A prevalecer entendimento diverso, continuariam tendo foro por prerrogativa de função milhares e milhares de ocupantes de cargos e funções públicas, inclusive os Magistrados e os membros do Ministério Público. A propósito, de acordo com um estudo da Consultoria Legislativa do Senado, mais de 54 mil pessoas têm direito a algum tipo de foro privilegiado no Brasil, garantido pela Constituição Federal ou por Constituições estaduais.
Porém, a decisão do Supremo Tribunal Federal atingiu apenas 513 Deputados Federais e 81 Senadores da República, significando que abrangeu um pouco mais de 1% (um por cento) dos servidores públicos com prerrogativa de foro.
Portanto, preponderando-se o juízo do Ministro Luis Felipe Salomão, não terão mais o foro por prerrogativa de função os Governadores dos Estados e do Distrito Federal, os Desembargadores dos Tribunais de Justiça dos Estados e do Distrito Federal, os membros dos Tribunais de Contas dos Estados e do Distrito Federal, os dos Tribunais Regionais Federais, dos Tribunais Regionais Eleitorais e do Trabalho, os membros dos Conselhos ou Tribunais de Contas dos Municípios e os do Ministério Público da União que oficiem perante tribunais, nos termos do art. 105, I, “a”, da Constituição Federal, salvo se forem cometidos durante o exercício do cargo e relacionados às funções desempenhadas.
Observa-se, por fim, e na esteira do que foi decidido pela Suprema Corte, que após o final da instrução processual, com a publicação do despacho de intimação para apresentação de alegações finais (prazo estabelecido no art. 11 da Lei nº. 8.034/90), a competência para processar e julgar ações penais não será mais afetada em razão de o agente público vir a ocupar outro cargo ou deixar o cargo que ocupava, qualquer que seja o motivo.
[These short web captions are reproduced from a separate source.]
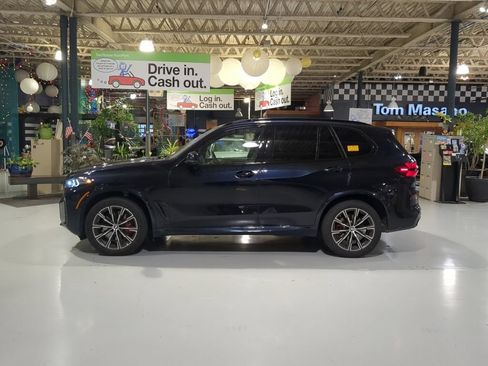 Used 2024 BMW X5 xDrive40i w/ M Sport Package AWD/4WD image 11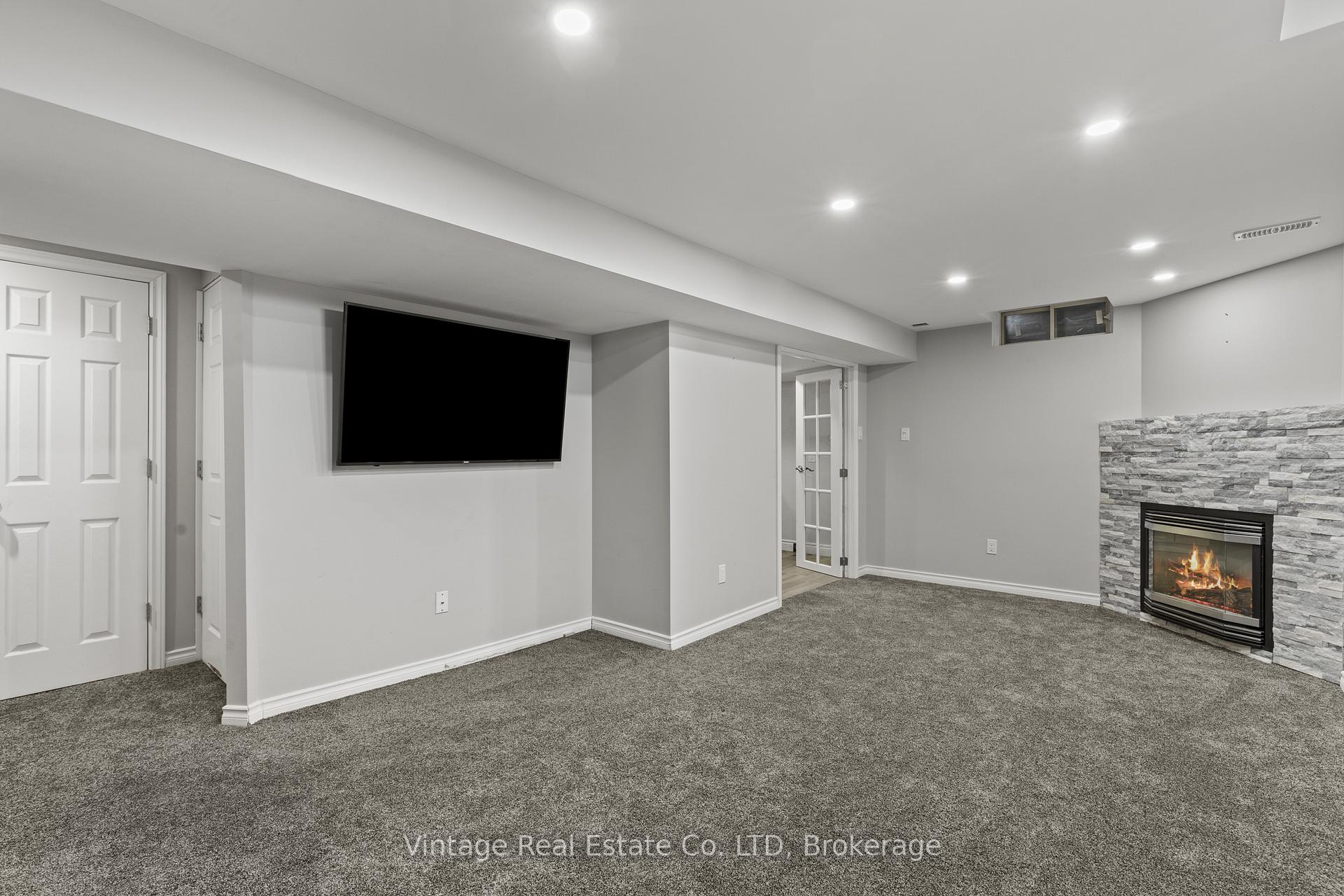 Photo 17 of 31 Remigio Court, Thorold, Confederation Heights — HOMEH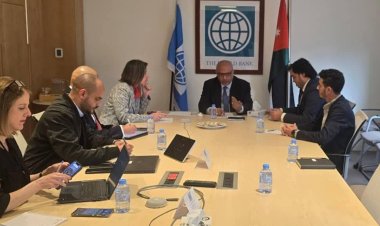 وزيرا التخطيط والكهرباء يبحثان الدعم الدولي لمشاريع الطاقة الشمسية والجهاز المركزي للإحصاء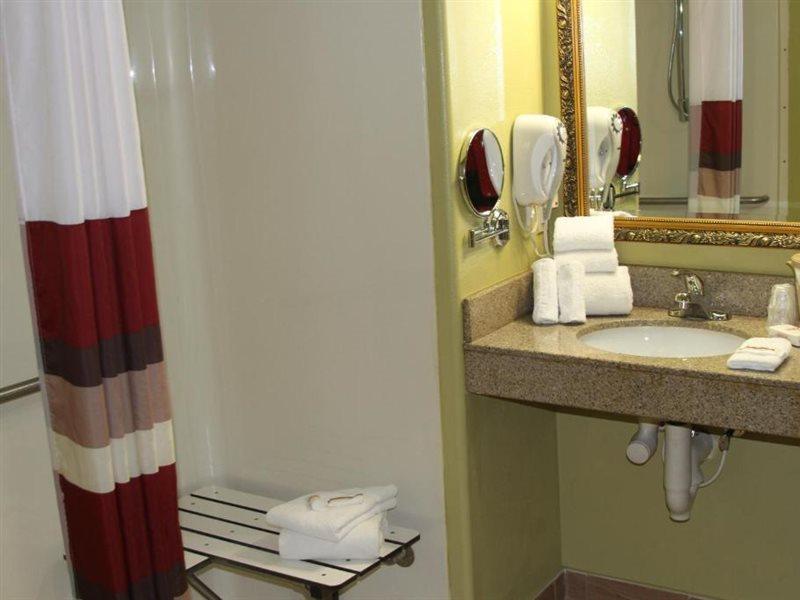 Red Roof Inn & Suites Detroit - Melvindale/Dearborn Esterno foto
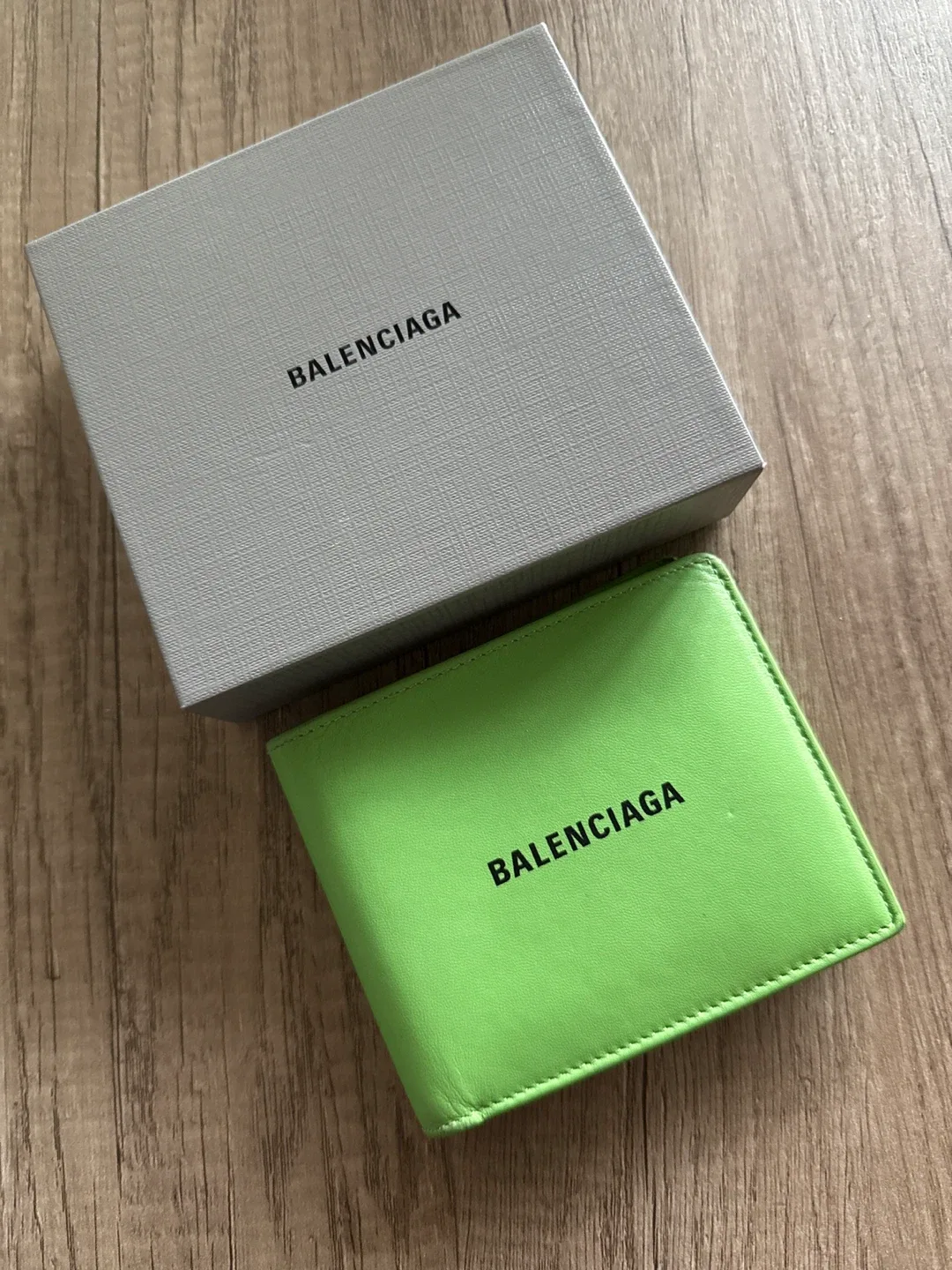 Balenciaga Green Leather Wallet with Box thumbnail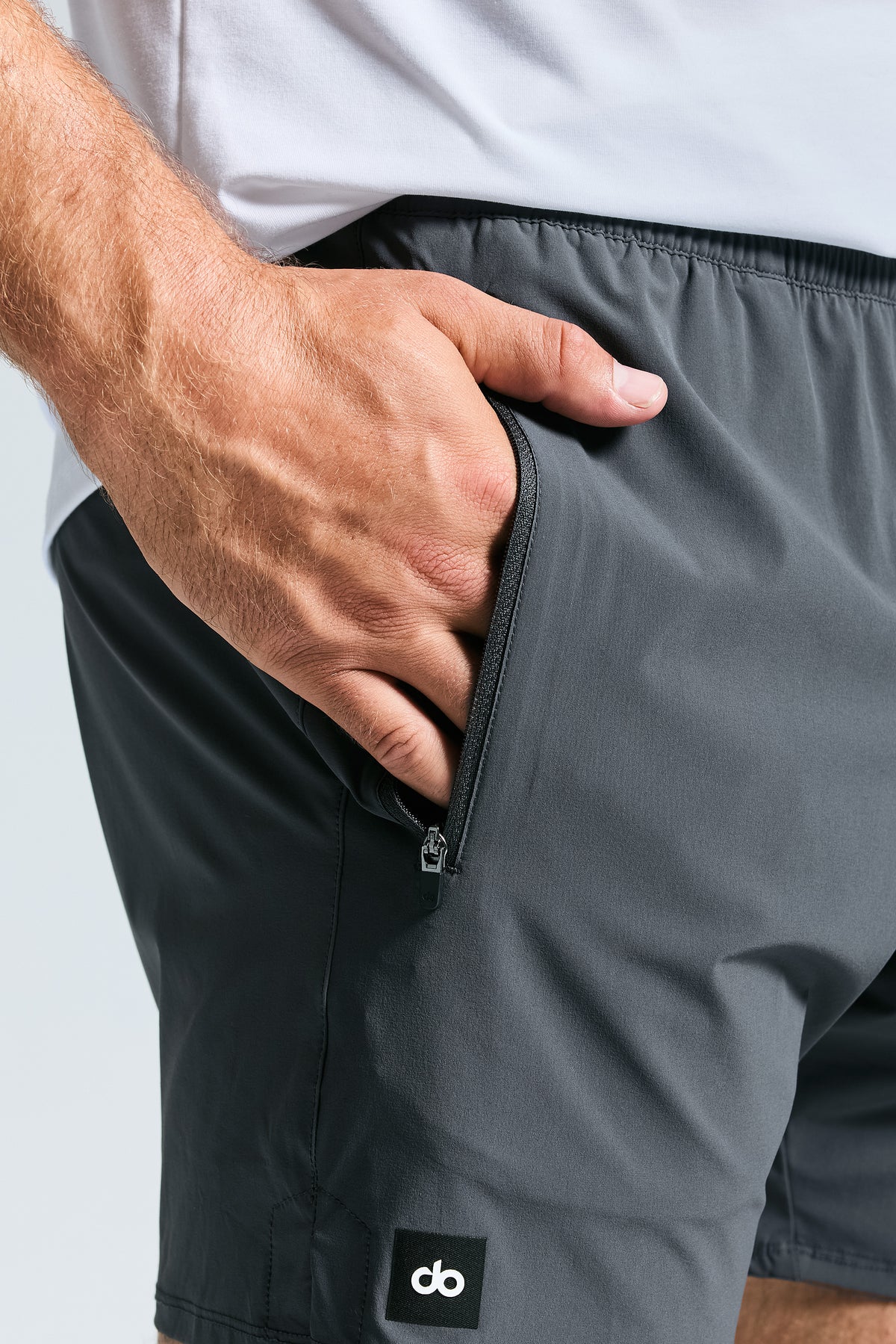 do New Space Mens 5" Tech Short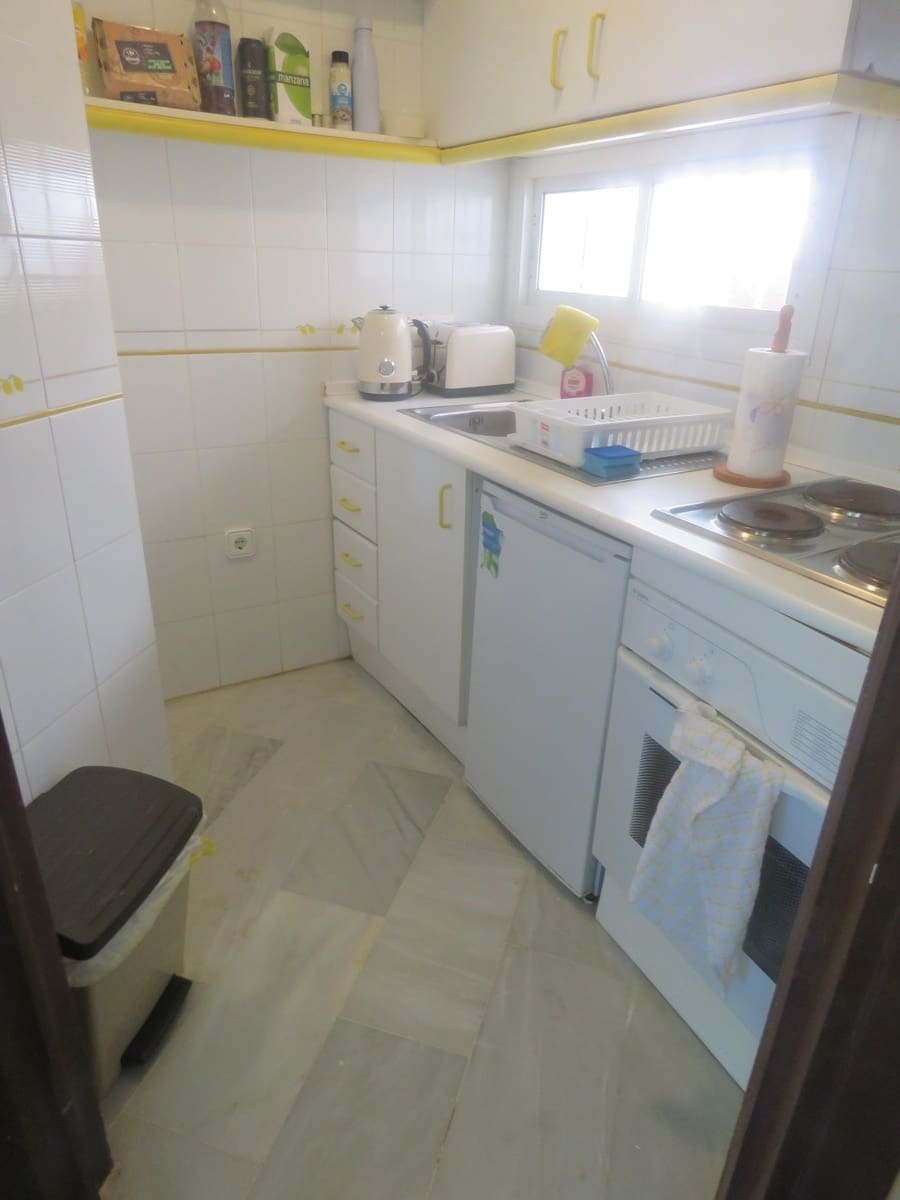 2 Zimmer Apartment zu verkaufen in Calahonda mit Pool - 239.000 € (Ref: 9110087)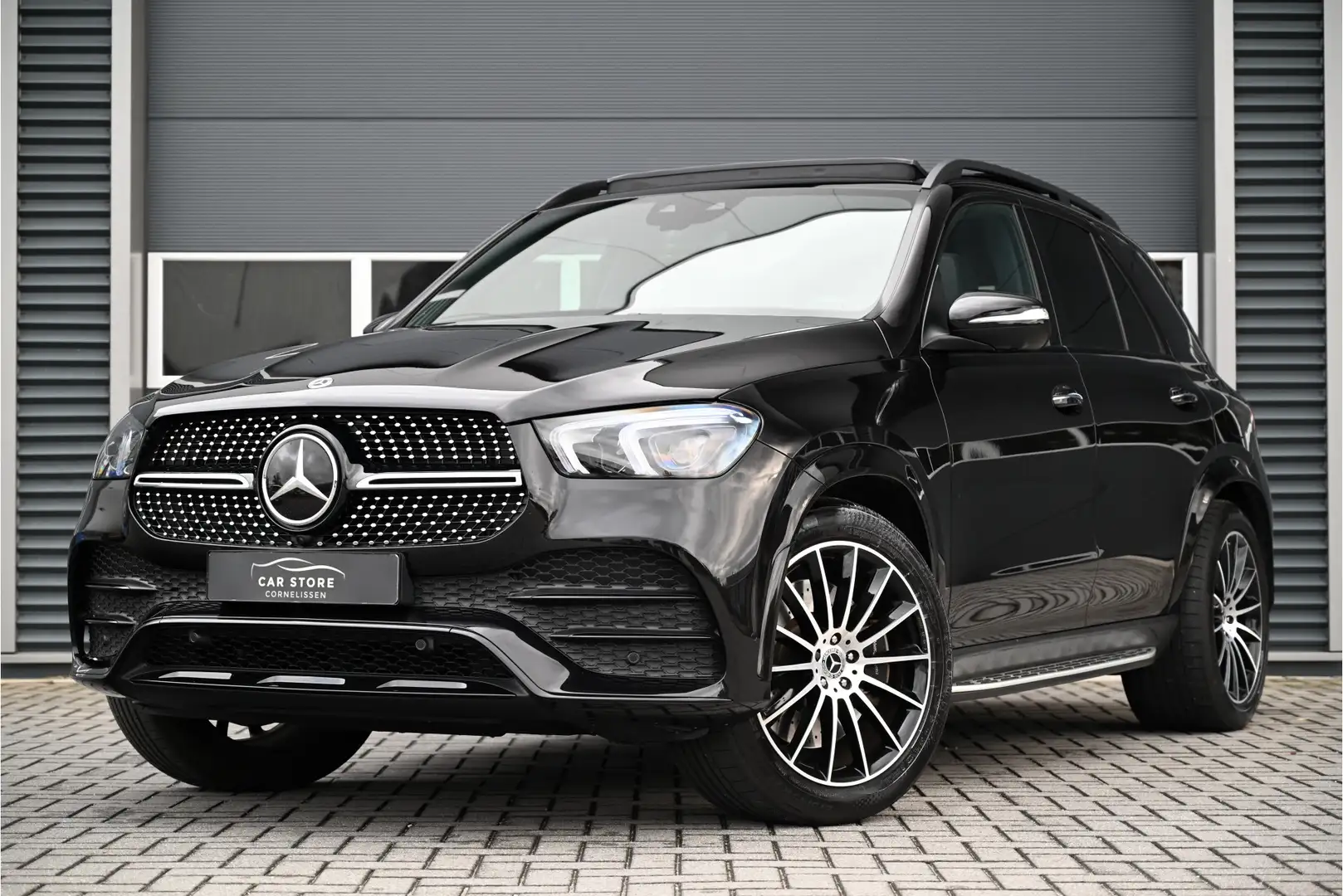 Mercedes-Benz GLE 350 e 4MATIC AMG / PANO / NIGHT / BURMESTER / 360 CAME Zwart - 1
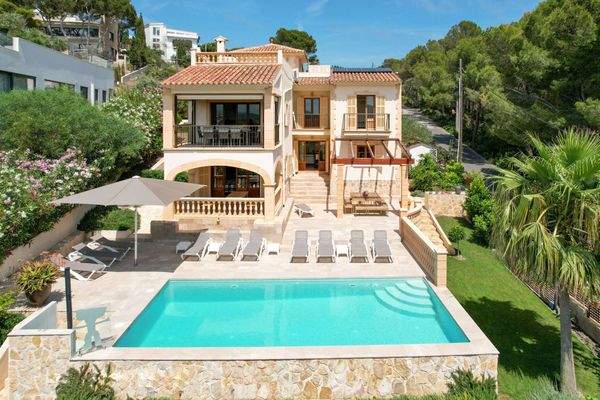 Frontansicht der Villa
Ocorrerá, portanto, uma perpetuatio jurisdictionis.
Vejamos como se comportaram as demais Cortes do País. É preciso que levem mesmo a sério o Direito e não restrinjam a prerrogativa de foro apenas os parlamentares de Brasília. Se o discurso do combate à impunidade já é falacioso na forma como decidiu o Supremo Tribunal Federal, imaginemos quão falso será tal raciocínio se a decisão atingir, como mostramos acima, um pouco mais de 1% (um por cento) dos servidores públicos que hoje ainda têm a prerrogativa de serem julgados originariamente pelos Tribunais.